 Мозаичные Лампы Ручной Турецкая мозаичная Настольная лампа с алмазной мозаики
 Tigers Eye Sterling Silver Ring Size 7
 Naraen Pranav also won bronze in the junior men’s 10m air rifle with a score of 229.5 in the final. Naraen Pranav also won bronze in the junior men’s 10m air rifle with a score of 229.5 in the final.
---
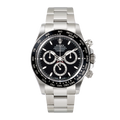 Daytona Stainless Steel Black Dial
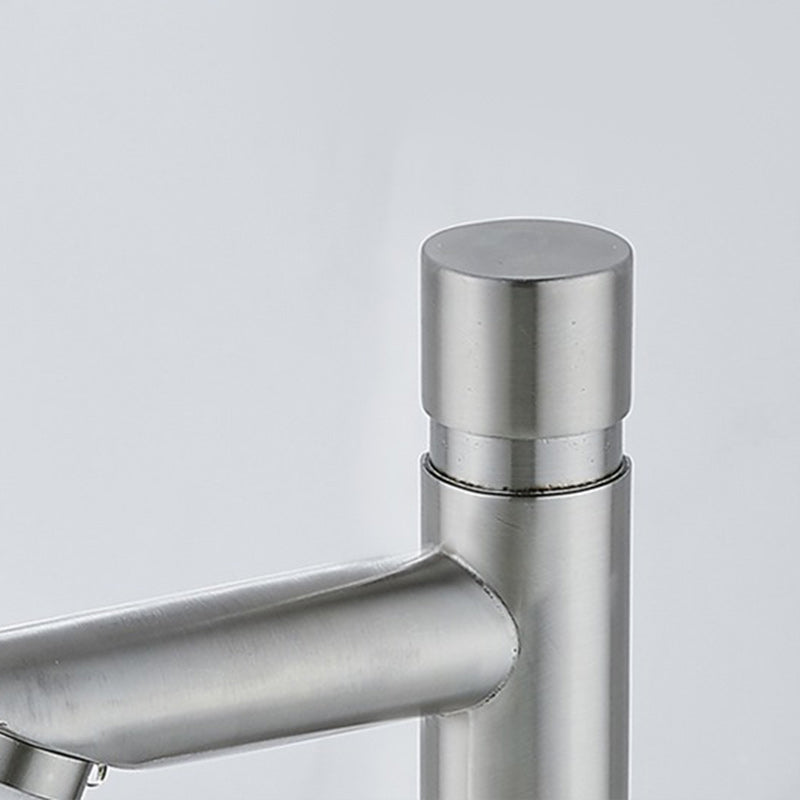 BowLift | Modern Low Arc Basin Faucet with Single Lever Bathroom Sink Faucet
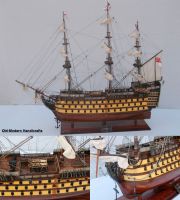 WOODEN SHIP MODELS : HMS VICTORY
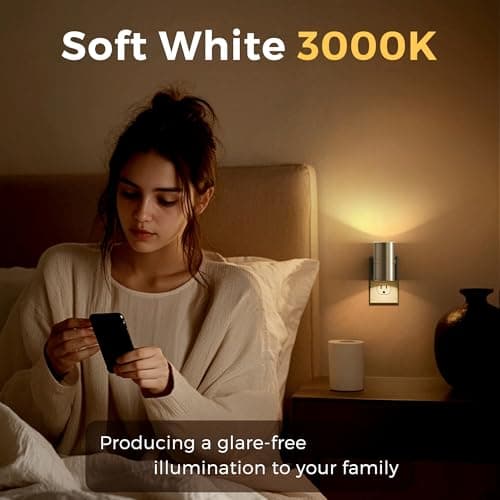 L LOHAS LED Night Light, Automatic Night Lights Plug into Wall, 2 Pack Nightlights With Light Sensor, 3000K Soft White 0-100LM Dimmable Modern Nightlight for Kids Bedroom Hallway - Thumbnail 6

■ Task prompt
The required answer is the exact run of lines above starting at the line with "Tigers Eye Sterling Silver Ring Size 7" and ending at the line with "the final. Naraen", with both ends present.

■ Result of the exercise
 Tigers Eye Sterling Silver Ring Size 7
 Naraen Pranav also won bronze in the junior men’s 10m air rifle with a score of 229.5 in the final. Naraen Pranav also won bronze in the junior men’s 10m air rifle with a score of 229.5 in the final.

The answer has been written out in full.